Find the line below with "Bateria de 10" and the line with "Burberry Sleeveless Wool Sweater With Scarf". Output exactly those lines and everything between them, leaving out the pictures.

[Opening RECORDS FOR THE TASK section]

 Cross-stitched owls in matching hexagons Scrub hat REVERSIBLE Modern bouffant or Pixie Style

[Closing RECORDS FOR THE TASK section]
[Opening RECORDS FOR THE TASK section]

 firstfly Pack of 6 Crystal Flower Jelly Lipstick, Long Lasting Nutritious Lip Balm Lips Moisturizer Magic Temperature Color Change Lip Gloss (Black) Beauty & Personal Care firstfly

[Closing RECORDS FOR THE TASK section]
[Opening RECORDS FOR THE TASK section]

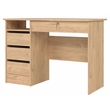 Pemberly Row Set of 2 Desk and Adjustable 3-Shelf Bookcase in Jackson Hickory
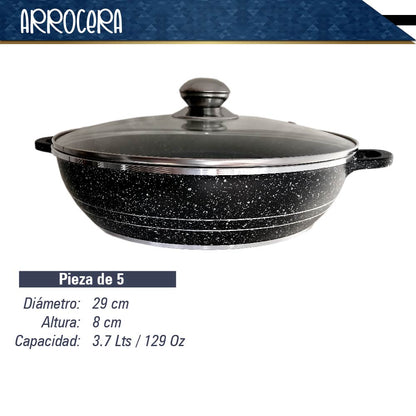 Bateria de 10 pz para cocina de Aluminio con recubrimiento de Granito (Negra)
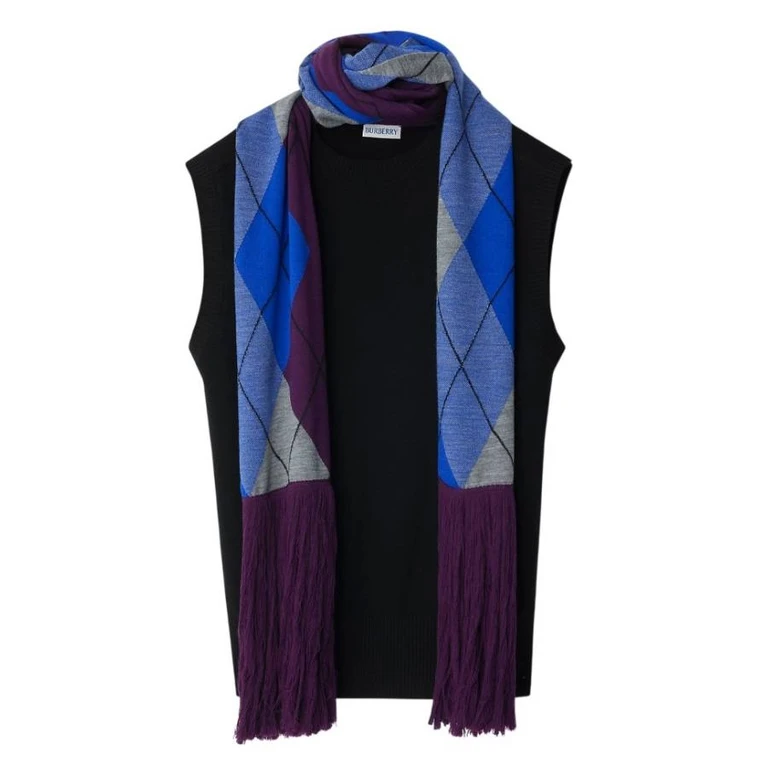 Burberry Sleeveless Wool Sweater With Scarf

[Closing RECORDS FOR THE TASK section]

**SOLUTION**
 Bateria de 10 pz para cocina de Aluminio con recubrimiento de Granito (Negra)
 Burberry Sleeveless Wool Sweater With Scarf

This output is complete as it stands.